The name was later changed to Buckeye Water District, under which it operates today.
The district came about after county voters twice rejected efforts to change to a charter form of government, says county engineer Bert Dawson.
As part of the investigation into the feasibility of such a move, Dawson and other officials traveled to a county in Virginia where a charter government is in place and is “run like a business,” Dawson says.
“It was more than we planned on doing,” he remembers, noting that county’s charter government included the water and sewer departments but also the safety forces and schools.
While admitting there were “a lot of efficiencies in it,” Dawson says he and the others did not believe Columbiana County taxpayers would support that form of government.
But one aspect was brought back as a possibility: a regional water system.
At the time, Wellsville was experiencing a “multitude of problems” with its water system that included a malfunctioning water plant and low water levels in its reservoir.
The village was under a consent order from the Environmental Protection Agency, faced with paying fines of $5,000 per day, according to current board members, and, ultimately, it decided to form a regional water district under Ohio Revised Code 6119.
The common pleas court had to be petitioned to allow the formation of the district, including setting up bylaws and selecting board members, who represent the county commissioners, Wellsville and the townships involved in the district.
A tie line was built from the water tank at Irish Ridge Road in Calcutta to feed Wellsville’s water tank on state Route 45 because the EPA ordered the village to locate a secondary water source in addition to its failing reservoir.
“It didn’t work,” says current district manager Al DeAngelis, who explains that ultimately led to EPA findings and rulings that resulted in the water district building its own plant on state Route 45.
“When doing the design for the new water plant and raw-water pump station, the board had the foresight to say, ‘Let’s make this big enough to expand,’ and we used a 36-inch line,” DeAngelis says, referring to the main line transporting water from the Ohio River to the plant.
“I had to fight like hell to get that 36-inch line.
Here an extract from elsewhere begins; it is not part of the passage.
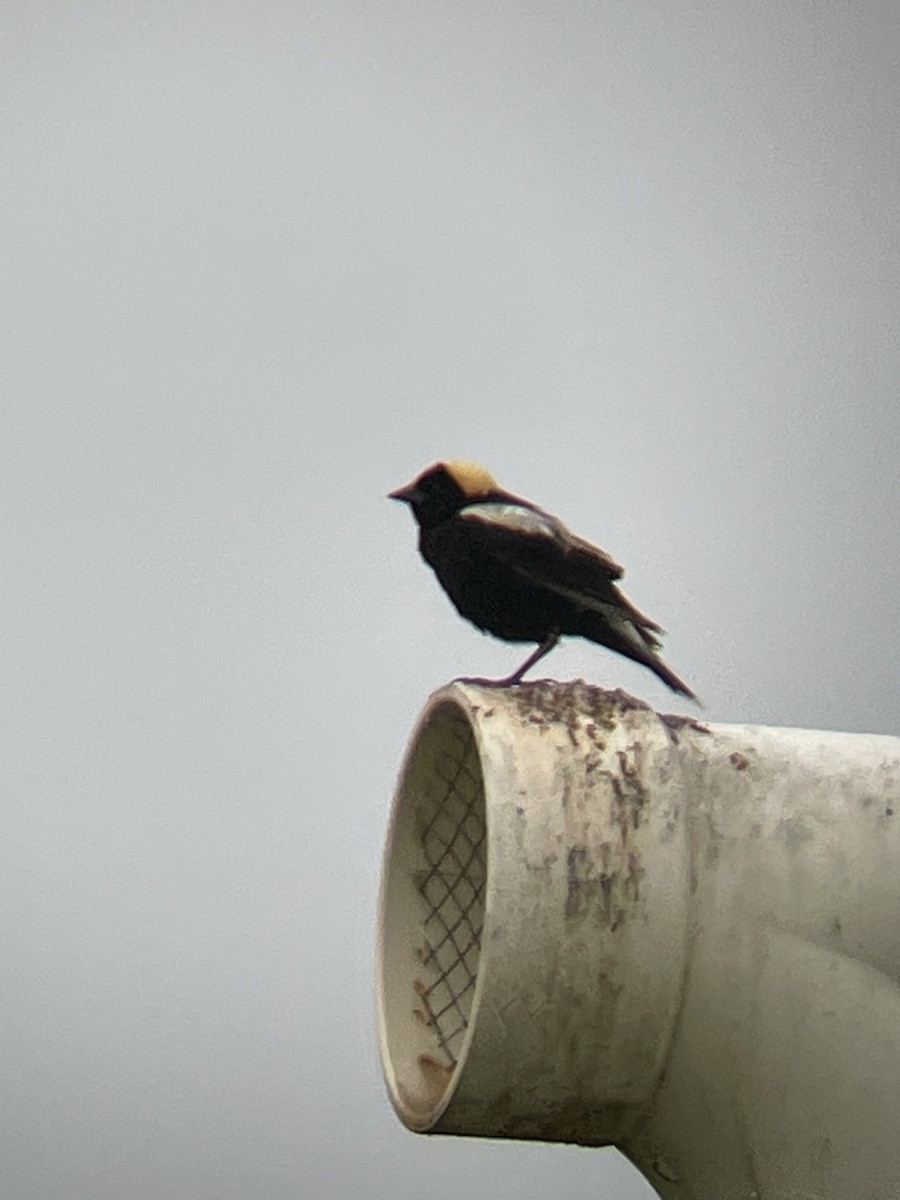 Bobolink - ML612605028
The board was really split,” recalls Bibbee, who is no longer on the board.
“Part of [the opposition] was the cost, but you always have people who won’t look beyond the end of their nose,” Bibbee says.
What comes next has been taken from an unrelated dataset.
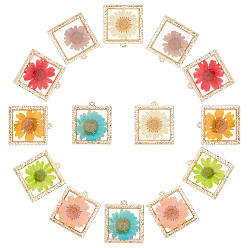 Mixed Color Epoxy Resin Pendants, with Dried Flower Inside and Light Gold Plated Alloy Open Back Bezel, Square, Mixed Color, 34x30x2mm, Hole: 1.8mm, 14pcs/box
“The idea was to expand out through the county to give water to areas that can’t do it themselves,” DeAngelis adds. “If Wellsville had had to build a new water plant, the taxpayers would have had to pay high costs.”
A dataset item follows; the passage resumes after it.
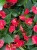 Img (22).webp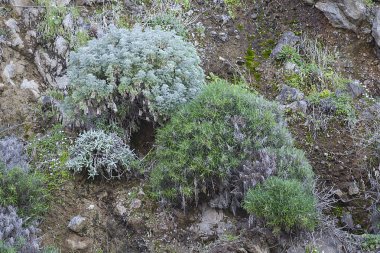 Orman ve ağaç dokuları. Sonbahar ya da kış konsepti.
The plant, pump station, transmission line and tank cost $38 million, paid for with a $14 million U.S. Department of Agriculture grant and financing by the district.
The result of board members’ foresight was a plant that currently has the capacity to produce 4 million gallons of water per day but with the capability of producing another 30 million gallons per day with slight changes.
One million gallons per day are currently produced at the plant, with water supplied not only to Wellsville but the federal prison at Elkton and Columbiana County Career and Technical Center in Lisbon, the village of Salineville as far as the Carroll County line, Southern Local and Beaver Local school districts and Beaver Creek State Park, with lines being installed to the Frederick Heights housing development outside Calcutta.
Goals include providing water service to Elkrun Township, Rogers and Negley, as well as installing a 20-inch line along state Route 45 to tie into the main line so more than one feed will be available.
Despite these expansions, customers’ rates have not increased since 2008, DeAngelis says.
Helping the district’s finances is the South Field Energy power plant under construction on property purchased from the Buckeye Water District.
Plans call for installing an 18 million-gallon reservoir for use by the plant, with about 8 million gallons of raw water expected to be pumped per day. Although the water will not be treated, South Field will pay BWD the cost of electricity to pump the water to the plant, DeAngelis says.
Referring to the district’s growth over the past 25 years, DeAngelis says, “That was the point of the water district, to support rural areas. It’s doing what it was formed to do.”
Today, the board consists of Bob Wines, Mike Lynn, Rick Williams, Terry O’Hara, President Mike Ryan, Don Harris, George Kosko, Dave Dawson and Roy Dray, with attorney Fred Emmerling serving as district legal counsel as he has since the inception of the district.
Pictured: Once it opens, the South Field Energy plant will pay the Buckeye Water District to pump water to the plant.